- Name: Chris Chesak
Monday, July 18, 2005
I am a kidnapper of coffee drinks a declarer of jihad on corporate beverages! I am a terrorist who is ready to kill American coffee drinks in order to achieve my goals, one of which is to pass the time here with mirth and merriment!
First squad bought a case of Starbuck's coffee drinks at the PX and then put them in the communal freezer. They put a note on them, saying 'First Squad's / Do not touch! Or else we will end your life and your so-called pathetic 'career' in the Idaho National Guard!' So of course I take one.
Soon after, this photo (note the old Iraqi army bayonet in the photo) adorns the freezer along with a note from the Rodent Liberation Front (since a first squad member had once declared a 'jihad' against the rats that once lived with us here) stating that the Frappucino will be killed unless a list of demands are met; several rolls of nice, quilted toilet paper, their satellite TV dish receiver, etc. and leave it all in a certain guard tower at midnight.
They respond in a note addressed to the 'Raging Lilies and Fairies' (how dare they make fun of my daughter Lillian!) stating that they do not negotiate and they threaten the RLF in no uncertain terms. They state they have a special hostage rescue team ready to go that will tear us from our beds in the middle of the night.
We, I mean the RLF, replied simply by hanging a Frappucino bottle cap up by the freezer, sending a message that other 'body parts' will follow if our demands aren't met. Our final note says, "So bring on your Delta [Force], your Rangers, your oh-so-'Special' Forces, and your elite Idaho National Guard! We will have God on our side and our jihad (that's right, I said JIHAD) will turn the world against you. Your fate will be the same as your little corporate friend!"
Now, first squad is sort of our 'stud squad,' or so they think. They have a guy who served with the Rangers (he was nearly a Ranger himself but had to withdraw from training when it ran late and would overlap with his wedding), a former Marine sniper, a former corporate VIP bodyguard, and a corrections officer who used to teach some crazy high-speed rescue swimming stuff for the Army. They all got together and decided that they needed to respond with such vigor and overwhelming stupidity that no other squad would dare challenge them again.
We go on patrol one night but leave SPC Smith behind to give him a night off. When we return, Smith is in bed and there's a burned DVD on my desk with 'S.O.K.' on it. We watch the DVD and it's video of first squad charging into our bay, wearing only ski masks and one well-placed sock each. They drag Smitty out of bed, zip tie him, pull a hood over his head and then proceed to question him about where the Frappucino is. Smitty doesn't give them any information but the rest of the video is them outside with a bound and hooded 'Smith' (actually someone else). The Super Outrageous Kidnappers (SOK) go on a diatribe about how "this raid was an example of how they can strike deep into the heart of your organization" and listing their own demands, primarily FIVE cases of Frappucinos. The video ends with the Police's 'Every Breath You Take' playing over a shot of a Frappucino, followed by the text "In loving memory of PFC 'Frappy' Frappucino." (Apparently first squad is well-versed in Mircosoft's MovieMaker program.)

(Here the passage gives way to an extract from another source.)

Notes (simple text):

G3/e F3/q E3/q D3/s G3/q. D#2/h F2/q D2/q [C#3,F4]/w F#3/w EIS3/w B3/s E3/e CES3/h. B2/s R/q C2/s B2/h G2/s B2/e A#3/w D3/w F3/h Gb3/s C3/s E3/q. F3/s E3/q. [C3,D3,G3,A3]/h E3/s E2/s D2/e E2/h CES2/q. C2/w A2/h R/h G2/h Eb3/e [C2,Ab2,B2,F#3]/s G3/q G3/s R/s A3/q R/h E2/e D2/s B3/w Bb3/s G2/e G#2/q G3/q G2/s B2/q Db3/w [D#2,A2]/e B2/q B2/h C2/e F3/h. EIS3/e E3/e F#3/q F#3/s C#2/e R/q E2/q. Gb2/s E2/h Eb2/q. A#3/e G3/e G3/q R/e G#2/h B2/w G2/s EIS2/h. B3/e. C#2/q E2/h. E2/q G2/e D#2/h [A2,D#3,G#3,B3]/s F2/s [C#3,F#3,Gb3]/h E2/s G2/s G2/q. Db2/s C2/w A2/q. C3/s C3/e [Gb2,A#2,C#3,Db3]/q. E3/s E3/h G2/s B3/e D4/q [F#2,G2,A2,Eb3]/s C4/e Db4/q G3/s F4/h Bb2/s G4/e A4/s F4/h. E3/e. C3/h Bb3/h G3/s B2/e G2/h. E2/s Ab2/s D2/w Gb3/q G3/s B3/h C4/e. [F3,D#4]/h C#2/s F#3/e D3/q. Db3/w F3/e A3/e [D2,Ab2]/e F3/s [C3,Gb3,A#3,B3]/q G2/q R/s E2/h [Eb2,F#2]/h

Wilson and I, the master minds behind the RLF huddle together to create a plan - and suddenly realize we got nothin'. They topped us, they win. I mean, we can't even think of something that we could really do, especially since it was all pretty much just Wilson and me, more me really, doing all this.
So two days later (we had to make it look like we weren't TOTALLY capitulating to their demands), PFC 'Frappy' Frappucino was released, unharmed (the bottle cap we strung up was from another Frappucino we found in the trash), and with much fanfare, including a small, but heartfelt 'welcome home' sign.